A unique thing about Tina: she was the only non-academic person I ever knew who could happily attend every session of numerous university conferences on film & media: apart from the socialising side, she always found something interesting in every discussion she heard. 

 

Something else I recall: her absolute devotion to attending every new Hong Kong release in Sydney’s Chinatown cinemas, at the time when that tranche of filmmaking was so exciting and revelatory. 

 

Tina eventually got to write a book, on WAKE IN FRIGHT for Jane Mills’ Currency series of Australian Classics: it provides a fascinating perspective on how she saw that film in the context of 1960s social and lifestyle changes in Australia (which she lived to the hilt). 

 

Tina was an essential person in my life, particularly during the 1980s.
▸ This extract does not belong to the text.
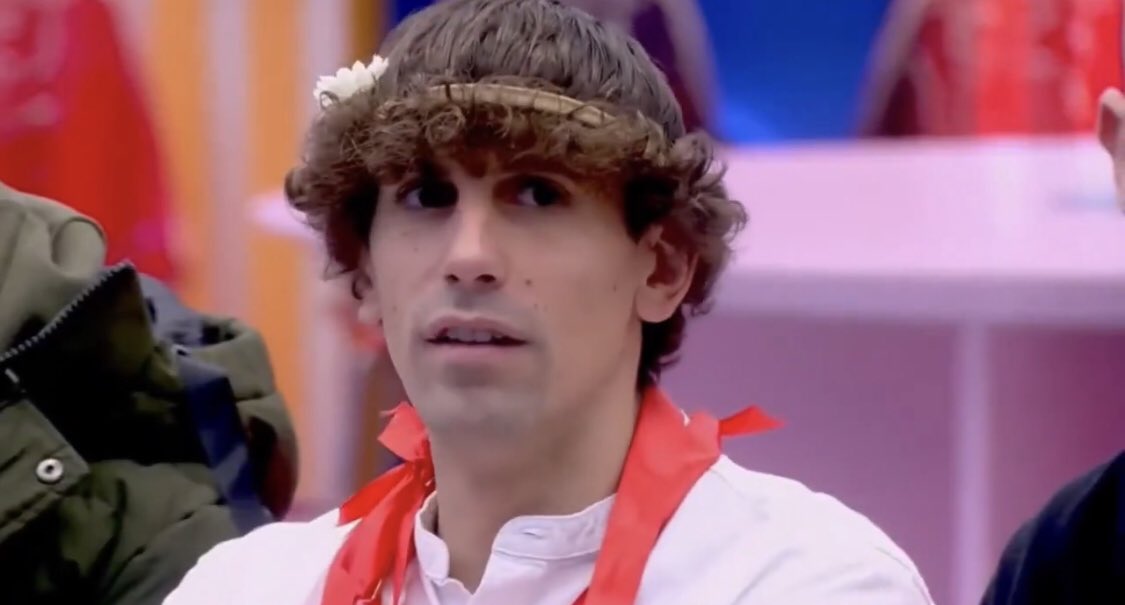 missdxrkness's tweet photo. En esta vida hay que saber perder y ganar, aceptar tus virtudes y tus defectos, y sobre todo afrontar las críticas si las das

Por eso Oscar es finalista y Maica expulsada 
#GHDBT14 https://t.co/zB1JuznCYT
I wrote for FILMNEWS from 1981 to 1993, often in a somewhat ´wild’, experimental style, trying to find my voice – including a long critique of the magazine’s own film-crit contents! 

 

Perhaps the last communication I had with Tina was in late 2017, after my website launched. She liked it, but had two complaints about what I had not yet included: a. my 2010 launch speech for her book; and b. a conference paper I had given on the classic 1930s film PETER IBBETSON back in 1985, of which she retained a crystal-clear memory! 

 

In 1986, when I moved from Melbourne to Sydney for a while, I virtually lived in the FILMNEWS office at the Chauvel cinema. I was broke, displaced from all my routines, and fairly depressed; Tina gave me things to do, and would always help me out with another $20 bill so that I didn’t starve.

 

Once, when I was especially sad after some interpersonal incident, I went moping to Tina at her desk there. She listened attentively, thought for a moment, then proclaimed: “Well, look, it’s good to shake life up once in a while!” What wise advice! Vale Tina.